Medically reviewed by Carmen Pope, BPharm. Last updated on May 7, 2025.

By Beth Gilbert HealthDay Reporter

The annual meeting of the American Association for Cancer Research was held this year from April 25 to 30 in Chicago, drawing approximately 20,000 participants from around the world, including scientists, cancer survivors, clinicians, allied health professionals, and industry professionals. The conference highlighted recent advances in the treatment, management, and prevention of cancer.

In one study, Adetunji Toriola, M.D., Ph.D., of the Washington University School of Medicine in St. Louis, and colleagues identified significant declines in breast cancer mortality among women aged 20 to 49 years from 2010 to 2020.

The authors evaluated data from the Surveillance, Epidemiology, and End Results registry, including data on 11,661 breast cancer deaths among women ages 20 to 49 years between 2010 and 2020.

The researchers found that breast cancer mortality declined among women aged 20 to 49 years, with marked declines occurring after 2016. However, non-Hispanic Black women continued to experience the highest mortality rates. Women aged 20 to 39 years had worse survival compared with those aged 40 to 49 years, with a 10-year survival of 78.5 versus 87.6 percent.

"Worse 10-year survival among women aged 20 to 39 years highlights the value of population-based screening for women aged 40 to 49 years and the need to ensure targeted screening in high-risk women less than 40," Toriola said.

Press Release

In another study, Simo Du, M.D., of NYC Health + Hospitals/Jacobi and Albert Einstein College of Medicine in New York City, and colleagues found that women have a significantly higher risk for experiencing cancer-related fatigue (CRF) compared with their male counterparts.

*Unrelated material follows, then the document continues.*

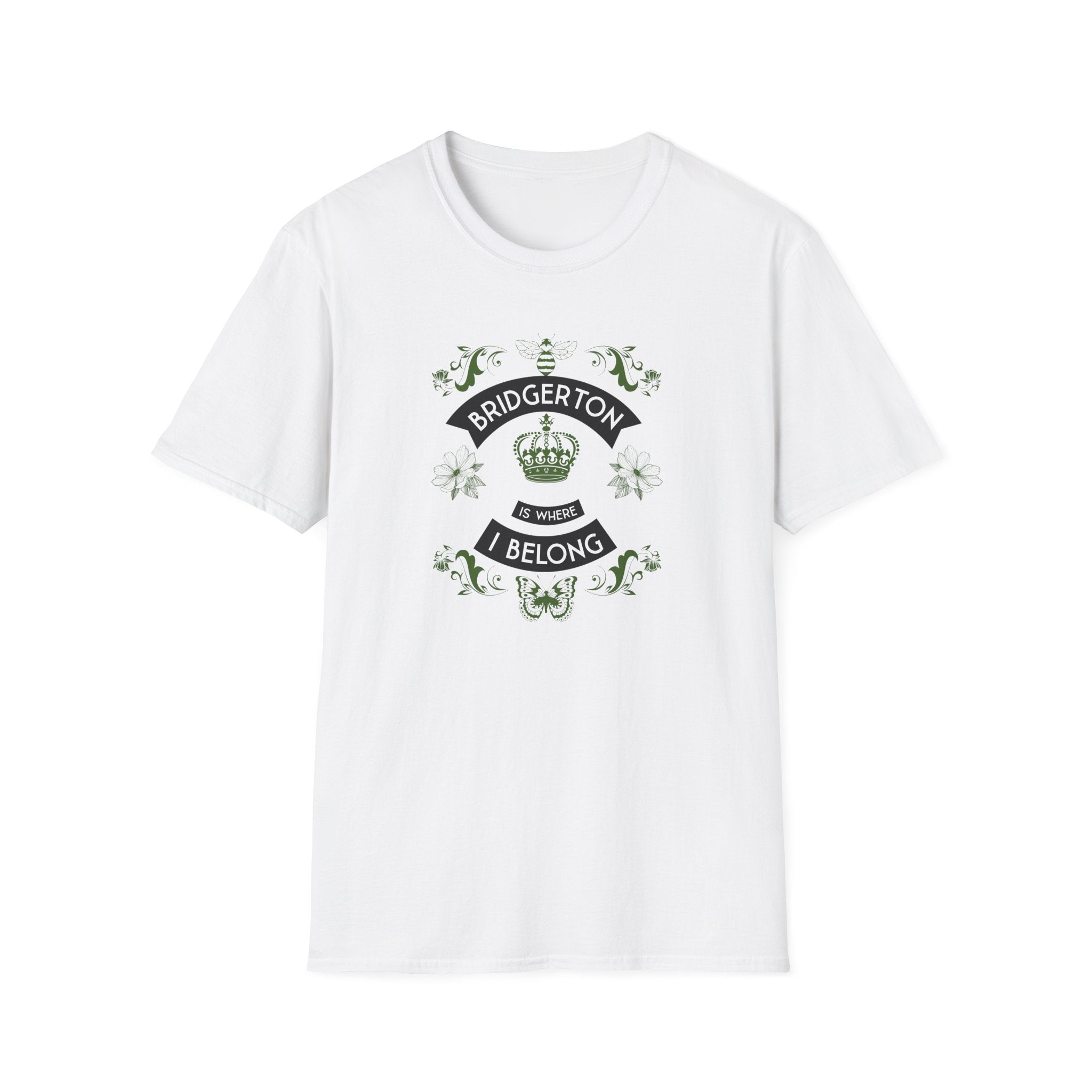 Bridgerton Is Where I Belong Netflix T-Shirt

The authors evaluated data from the 2015 to 2016 and 2017 to 2020 cycles of the National Health and Nutrition Examination Survey and included 1,555 cancer survivors in the analysis.

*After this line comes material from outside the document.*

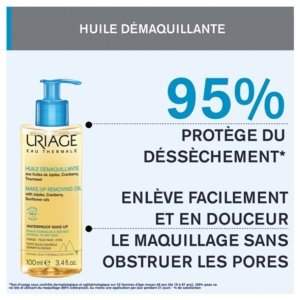 Uriage Huile Démaquillante 100 ml 03Parapharm - Algérie, Beauté, Santé , Bien-être... Uriage Huile Démaquillante 100 ml 03Parapharm - Algérie, Beauté, Santé , Bien-être...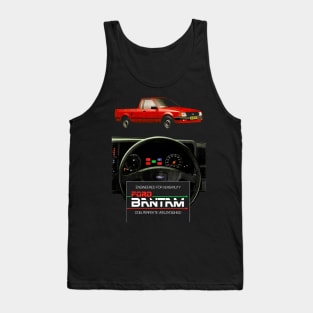 FORD BANTAM - advert Tank Top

The researchers found that women were approximately 1.5 times more likely to experience CRF compared with men. In addition, cancer survivors experiencing CRF and depression were twice as likely to reduce their participation in recreational activities, which was a key indicator of diminished quality of life. Moderate-intensity recreational physical activity was linked to an approximately 50 percent lower risk for CRF. Both moderate and vigorous recreational physical activity were associated with a twofold to fivefold reduction in depression risk among cancer survivors.

"Clinicians should increase awareness of CRF and recognize it as a significant and persistent issue affecting survivors' quality of life. Routine screening for CRF should be integrated across the continuum of care -- from diagnosis, through active treatment, and extending into long-term survivorship -- given that CRF can persist for years after treatment completion," Du said. "Intervention programs should prioritize individualized, moderate-intensity exercise regimens, which have demonstrated effectiveness in mitigating CRF symptoms. Clinicians should proactively refer patients experiencing CRF to appropriate supportive services, including physical therapy, certified exercise specialists, personal trainers with oncology expertise, or community-based cancer survivorship programs affiliated with health care institutions."

Press Release

As part of the KEYNOTE 689 trial, Ravindra Uppaluri, M.D., of the Dana-Farber Brigham Cancer Center and Harvard Medical School in Boston, and colleagues found that neoadjuvant pembrolizumab followed by surgery and adjuvant pembrolizumab concurrent with and after postoperative radiotherapy without or with chemotherapy represents a new standard of care in the treatment of patients with resectable locally advanced head and neck cancer.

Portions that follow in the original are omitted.